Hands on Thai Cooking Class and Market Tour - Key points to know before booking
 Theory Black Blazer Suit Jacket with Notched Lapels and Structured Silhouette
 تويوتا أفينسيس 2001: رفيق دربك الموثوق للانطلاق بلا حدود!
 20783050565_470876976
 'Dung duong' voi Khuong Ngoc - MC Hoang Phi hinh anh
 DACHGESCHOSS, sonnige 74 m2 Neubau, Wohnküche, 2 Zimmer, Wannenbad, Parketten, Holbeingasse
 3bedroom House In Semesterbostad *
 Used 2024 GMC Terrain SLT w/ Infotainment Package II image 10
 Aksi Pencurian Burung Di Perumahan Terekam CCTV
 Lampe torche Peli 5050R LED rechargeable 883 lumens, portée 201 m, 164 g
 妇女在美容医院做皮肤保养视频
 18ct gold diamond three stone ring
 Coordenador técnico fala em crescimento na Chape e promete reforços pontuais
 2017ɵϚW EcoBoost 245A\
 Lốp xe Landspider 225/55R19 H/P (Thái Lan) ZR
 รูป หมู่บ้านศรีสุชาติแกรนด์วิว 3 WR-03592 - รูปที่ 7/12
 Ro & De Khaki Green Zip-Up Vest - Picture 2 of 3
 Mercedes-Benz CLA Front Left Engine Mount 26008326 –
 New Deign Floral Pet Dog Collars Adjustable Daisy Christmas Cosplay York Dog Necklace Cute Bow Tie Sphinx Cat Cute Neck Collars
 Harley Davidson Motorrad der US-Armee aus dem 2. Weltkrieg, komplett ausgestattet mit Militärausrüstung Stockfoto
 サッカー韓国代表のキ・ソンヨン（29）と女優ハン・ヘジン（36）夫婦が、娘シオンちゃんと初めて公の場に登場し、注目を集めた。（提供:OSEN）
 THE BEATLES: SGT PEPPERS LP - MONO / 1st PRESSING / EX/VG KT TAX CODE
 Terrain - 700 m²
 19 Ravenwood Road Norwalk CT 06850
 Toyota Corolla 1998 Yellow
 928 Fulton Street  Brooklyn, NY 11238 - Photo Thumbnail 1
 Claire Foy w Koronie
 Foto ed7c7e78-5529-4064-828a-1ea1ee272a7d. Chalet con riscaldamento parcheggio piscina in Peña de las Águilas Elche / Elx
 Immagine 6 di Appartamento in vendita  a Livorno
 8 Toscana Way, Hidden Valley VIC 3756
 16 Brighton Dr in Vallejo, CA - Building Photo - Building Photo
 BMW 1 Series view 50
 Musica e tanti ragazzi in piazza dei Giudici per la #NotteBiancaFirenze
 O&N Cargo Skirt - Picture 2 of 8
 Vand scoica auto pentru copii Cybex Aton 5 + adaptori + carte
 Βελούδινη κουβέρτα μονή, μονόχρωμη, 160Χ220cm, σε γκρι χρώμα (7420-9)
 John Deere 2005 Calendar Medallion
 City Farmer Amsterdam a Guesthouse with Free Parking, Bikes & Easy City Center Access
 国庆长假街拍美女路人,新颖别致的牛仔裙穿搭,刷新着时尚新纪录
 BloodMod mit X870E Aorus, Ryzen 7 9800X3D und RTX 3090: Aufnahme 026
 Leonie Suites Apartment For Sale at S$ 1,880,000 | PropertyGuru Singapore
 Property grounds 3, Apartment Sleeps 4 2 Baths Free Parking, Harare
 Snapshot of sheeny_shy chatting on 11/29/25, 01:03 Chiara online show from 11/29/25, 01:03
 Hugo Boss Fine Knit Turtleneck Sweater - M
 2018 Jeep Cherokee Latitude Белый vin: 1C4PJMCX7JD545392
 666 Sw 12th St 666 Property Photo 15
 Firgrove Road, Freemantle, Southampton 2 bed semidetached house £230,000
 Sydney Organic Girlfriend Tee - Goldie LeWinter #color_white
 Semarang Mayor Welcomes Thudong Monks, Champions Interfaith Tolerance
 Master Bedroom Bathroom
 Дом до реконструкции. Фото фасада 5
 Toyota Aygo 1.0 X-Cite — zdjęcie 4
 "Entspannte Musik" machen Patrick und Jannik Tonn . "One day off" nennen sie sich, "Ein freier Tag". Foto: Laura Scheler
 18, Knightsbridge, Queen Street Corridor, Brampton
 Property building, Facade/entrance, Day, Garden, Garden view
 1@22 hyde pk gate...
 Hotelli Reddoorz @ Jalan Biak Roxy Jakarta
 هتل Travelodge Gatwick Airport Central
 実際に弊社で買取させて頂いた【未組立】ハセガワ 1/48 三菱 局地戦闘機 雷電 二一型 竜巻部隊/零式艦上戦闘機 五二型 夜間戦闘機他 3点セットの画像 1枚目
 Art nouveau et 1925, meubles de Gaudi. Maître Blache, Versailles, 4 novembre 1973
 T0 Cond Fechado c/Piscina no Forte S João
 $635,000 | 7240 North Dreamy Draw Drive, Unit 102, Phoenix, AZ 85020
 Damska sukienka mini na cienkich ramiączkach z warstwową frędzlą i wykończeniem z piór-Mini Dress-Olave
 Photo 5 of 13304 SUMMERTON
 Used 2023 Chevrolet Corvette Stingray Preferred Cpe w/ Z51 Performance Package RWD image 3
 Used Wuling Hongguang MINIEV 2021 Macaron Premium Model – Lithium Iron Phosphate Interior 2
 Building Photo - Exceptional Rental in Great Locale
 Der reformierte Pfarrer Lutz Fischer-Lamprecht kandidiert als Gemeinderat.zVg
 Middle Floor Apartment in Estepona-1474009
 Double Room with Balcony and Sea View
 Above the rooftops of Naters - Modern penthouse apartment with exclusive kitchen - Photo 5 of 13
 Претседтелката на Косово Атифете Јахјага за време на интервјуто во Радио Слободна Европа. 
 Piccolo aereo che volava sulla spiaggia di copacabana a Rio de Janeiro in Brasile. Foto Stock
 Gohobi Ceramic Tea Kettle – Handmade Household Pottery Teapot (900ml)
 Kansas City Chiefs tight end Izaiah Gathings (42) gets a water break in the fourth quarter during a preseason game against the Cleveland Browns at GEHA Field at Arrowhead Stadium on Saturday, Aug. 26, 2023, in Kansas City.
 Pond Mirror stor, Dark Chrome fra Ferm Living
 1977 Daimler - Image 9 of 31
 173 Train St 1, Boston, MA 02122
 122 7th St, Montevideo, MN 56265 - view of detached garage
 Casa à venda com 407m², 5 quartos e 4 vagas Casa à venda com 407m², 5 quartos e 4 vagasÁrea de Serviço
^^^^^^^^^^^^^^^^
**WORK ITEM**
Copy out exactly the lines from the line with "Piccolo aereo che" to the end of the listing, including both of those lines, and give nothing else.

**FINISHED EXERCISE**
 Piccolo aereo che volava sulla spiaggia di copacabana a Rio de Janeiro in Brasile. Foto Stock
 Gohobi Ceramic Tea Kettle – Handmade Household Pottery Teapot (900ml)
 Kansas City Chiefs tight end Izaiah Gathings (42) gets a water break in the fourth quarter during a preseason game against the Cleveland Browns at GEHA Field at Arrowhead Stadium on Saturday, Aug. 26, 2023, in Kansas City.
 Pond Mirror stor, Dark Chrome fra Ferm Living
 1977 Daimler - Image 9 of 31
 173 Train St 1, Boston, MA 02122
 122 7th St, Montevideo, MN 56265 - view of detached garage
 Casa à venda com 407m², 5 quartos e 4 vagas Casa à venda com 407m², 5 quartos e 4 vagasÁrea de Serviço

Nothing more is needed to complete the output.